Selon les données colligées par l'AREQ, le Québec produisait en 2010 un milliard de sacs de plastique à usage unique. De ce nombre, le quart seulement (25 %) trouvait le chemin du recyclage. Qu'est-il advenu des 75 % restant? Les chances que ceux-ci se soient retrouvés dans l'environnement sont plus que plausibles, estime Tommy Bureau, conseiller à l'AREQ, qui est venu présenter les conclusions de ses recherches aux membres de l'AREQ-Estrie dans le cadre d'une action nationale.

Les données recueillies par M. Bureau démontrent notamment que le plastique est omniprésent dans les océans où il menace les écosystèmes. On estime en effet à 150 millions de tonnes la quantité de déchets de plastique présents dans les océans. Tant et si bien que si rien n'est fait d'ici 2050, les océans devraient contenir davantage de plastique que de poissons.

« Et ce chiffre-là, a précisé M. Bureau, ne vient pas de l'aile radicale de Greenpeace. C'est la conclusion à laquelle en est arrivé le Forum économique de Davos. Cela démontre que même la haute finance internationale est préoccupée par l'impact du plastique dans nos océans », ajoute le conseiller.

À cela s'ajoute le fait qu'entre un million d'oiseaux et 100 000 mammifères marins meurent chaque année de l'ingestion de matières plastiques, ajoute M. Bureau, en évoquant les conséquences sur la chaîne alimentaire et sur la santé des organismes vivants.

Comme le plastique prend entre 100 et 400 ans à se dégrader, sa décomposition entraîne l'émanation de gaz à effet de serre tels que le méthane, dont l'impact dans l'atmosphère peut durer 1000 ans.
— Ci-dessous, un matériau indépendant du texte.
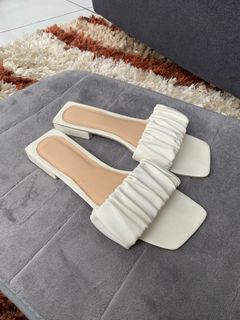 White slip-on sandals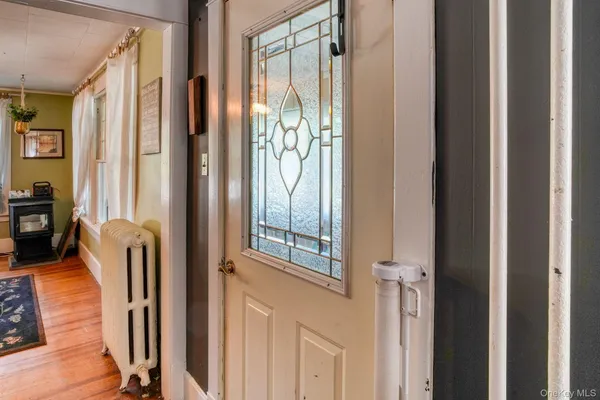 a view of a hallway with furniture and a window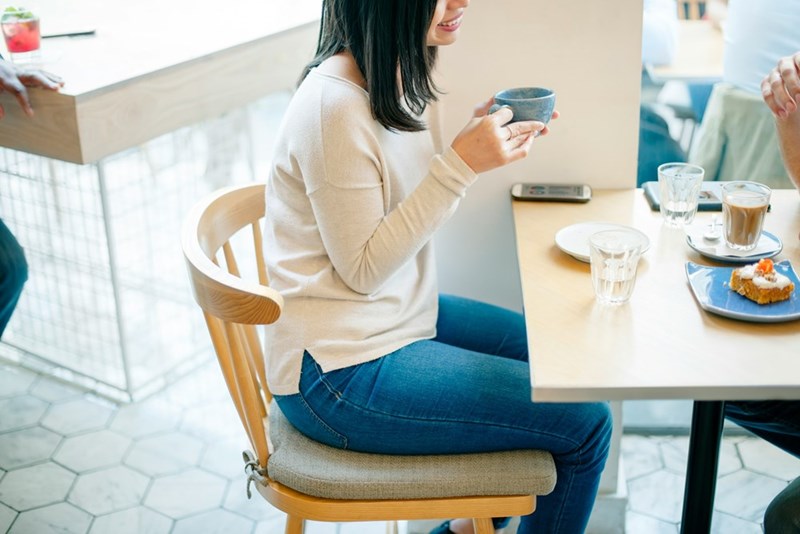 A young woman models sitting at a cafeteria table and sipping on a ceramic mug while enjoying a sweet treat.
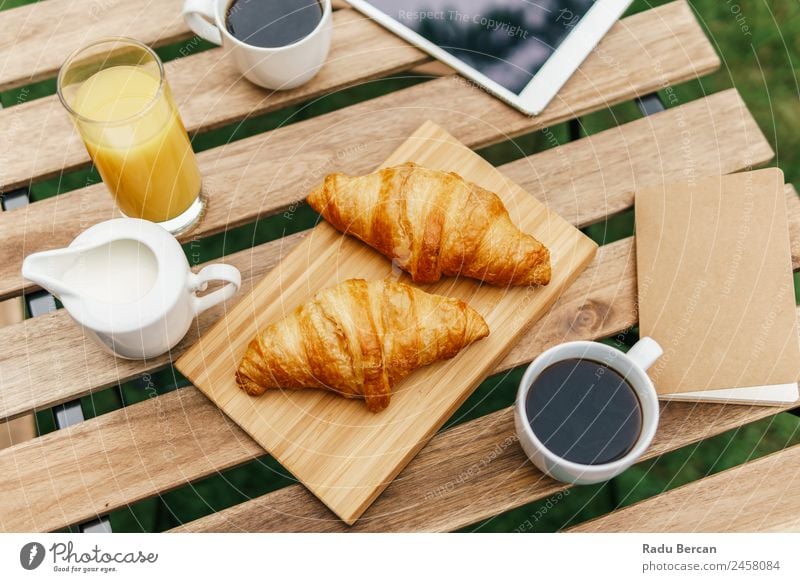 Frühstück am Morgen im Grünen Garten mit französischem Croissant, Kaffeetasse, Orangensaft, Tablette und Notizbuch auf Holztisch Tisch Hintergrundbild Sommer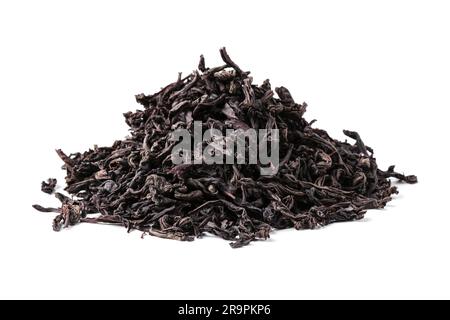 Dried tea leaves in a heap isolated on a white background Stock Photo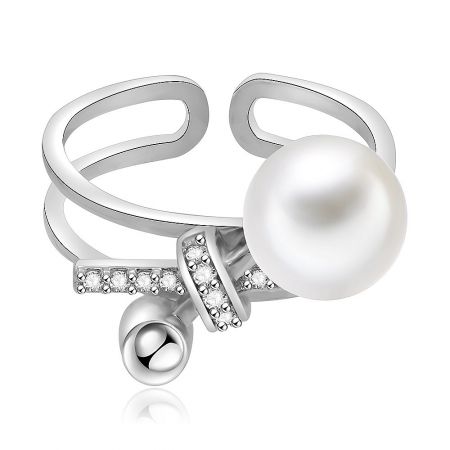 Bow Tie Ring With Pearl - Close-up of the Bow Tie Ring with Pearl, showcasing the central 8mm glass pearl and surrounding white cubic zirconia on a rhodium-plated band.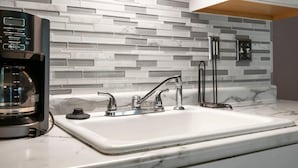 A modern kitchen with a white marble countertop, a built-in coffee maker, and a sleek faucet. - Warm Welcome Getaway Resort Stay for 6 With Amenities Near Downtown (Branson)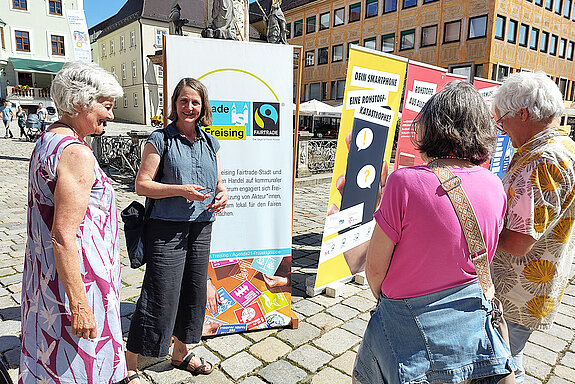 zwei Frauen stehen vor großen Bannern einer Ausstellung und sprechen mit einem Paar, das von hinten zu sehen ist.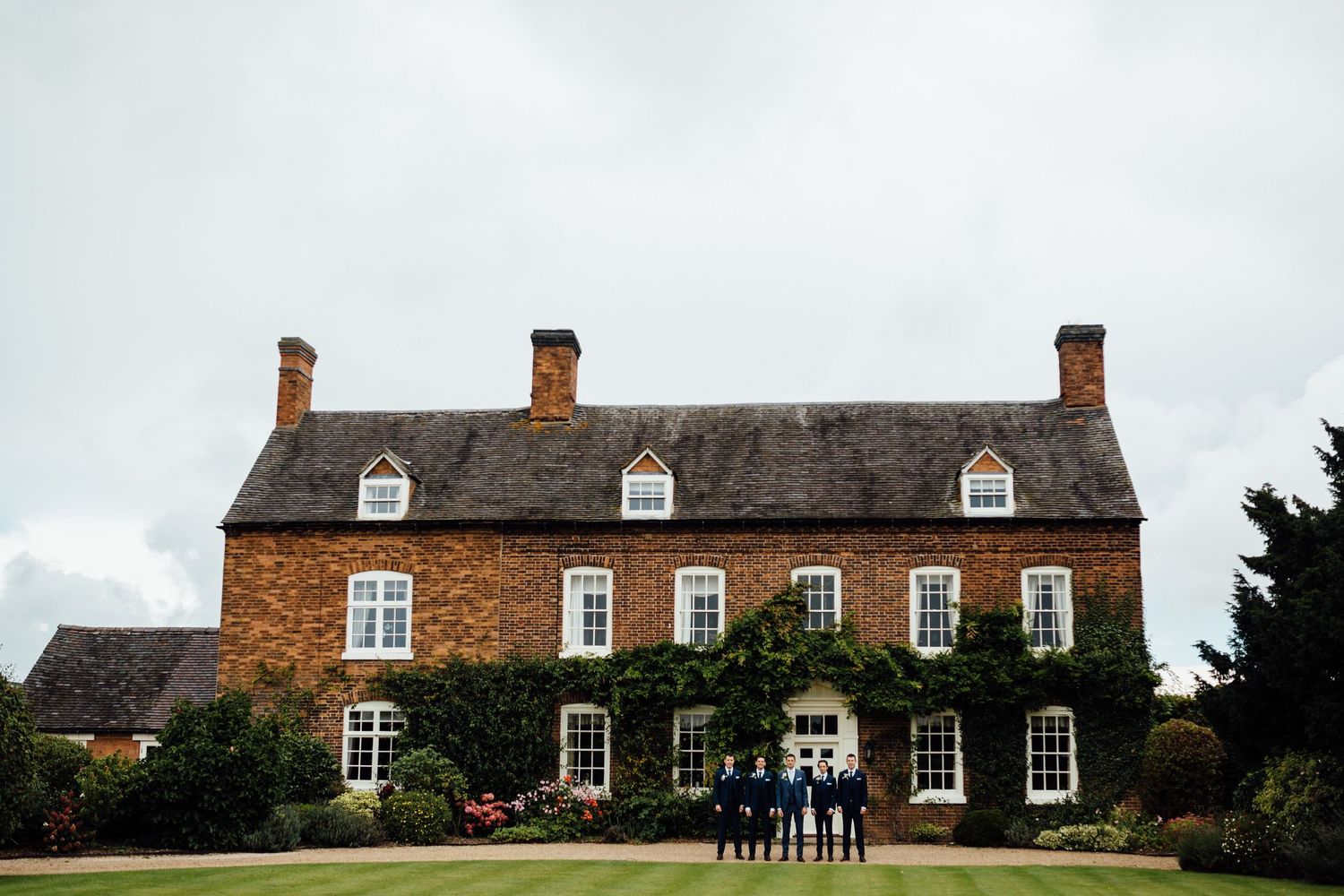 Panoramic view of a traditional English brick farmhouse with multiple buildings on a cloudy day.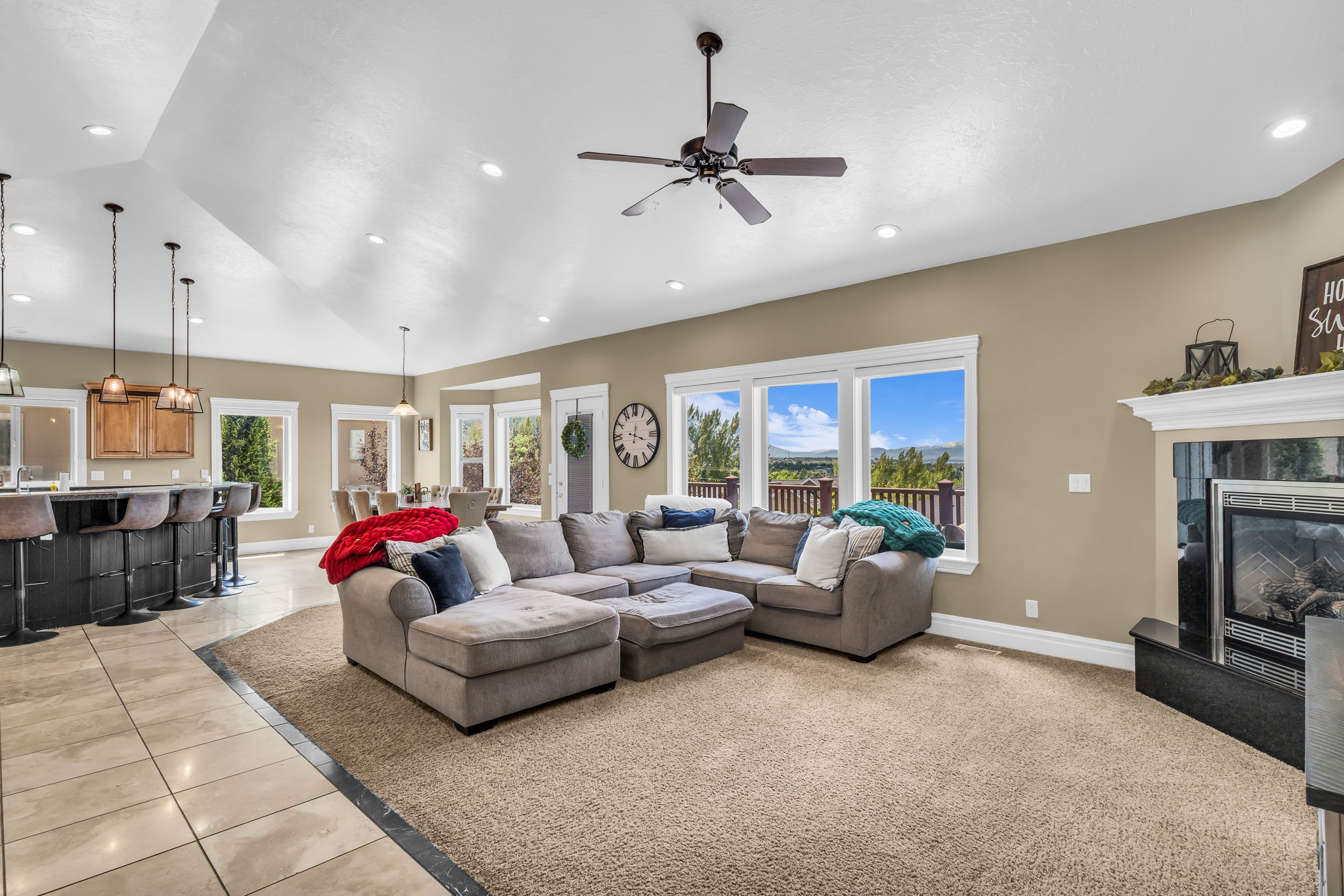 Open-concept living area featuring vaulted ceilings, recessed lighting, a ceiling fan, a built-in fireplace with a mantel, and multiple windows offering expansive outdoor scenery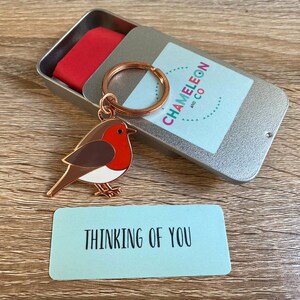 May include: A rose gold robin keyring with a red breast, brown back, and white belly. The keyring is in a silver tin with a blue label that says "Chameleon and Co.". A blue card with the text "Thinking of You" is in the foreground.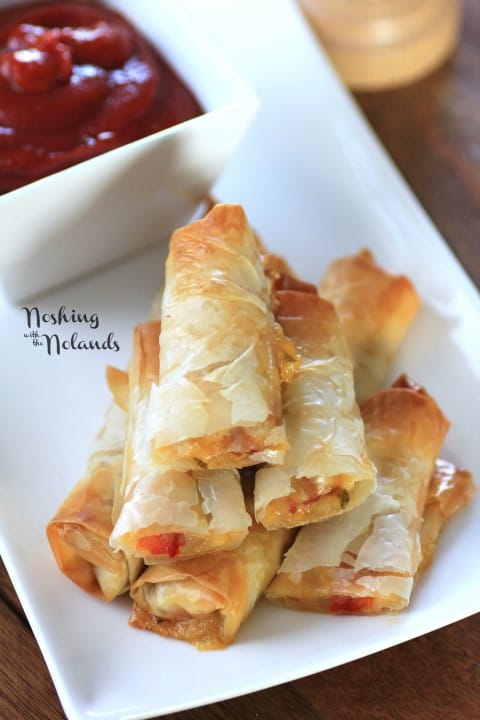 Italian Spring Rolls stacked on a white plate with dipping sauce in a white bowl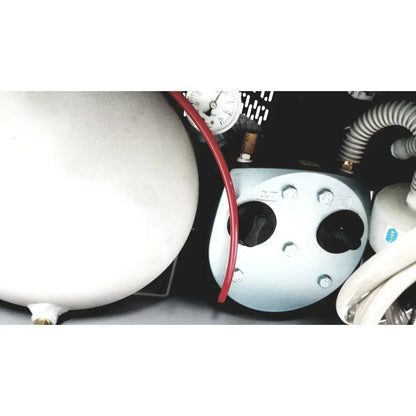 Light blue metal dental delivery unit with black ports and bolts connected by red hose to white cylindrical tank by dntl works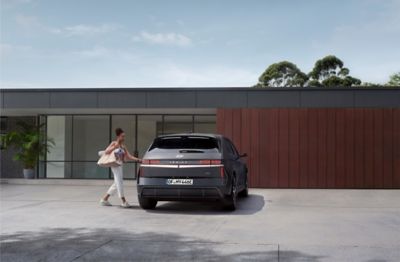 A woman opening the door of Hyundai IONIQ 5 N Line parked in front of the house.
Parmi les alternatives que propose l'AREQ se trouve le principe des 3RV, à savoir : la réduction à la source, la réutilisation, le recyclage et la valorisation.

L'AREQ invite donc population à se joindre au mouvement en se rendant sur son site web afin de signer la pétition qui sera en ligne jusqu'au 29 novembre pour ensuite être déposée déposée à l'Assemblée nationale.

Fondée en 1961, l'AREQ compte quelque 58 000 membres à l'échelle québécoise, dont plus de 3000 en Estrie. Elle est affiliée à la Centrale des syndicats du Québec (CSQ).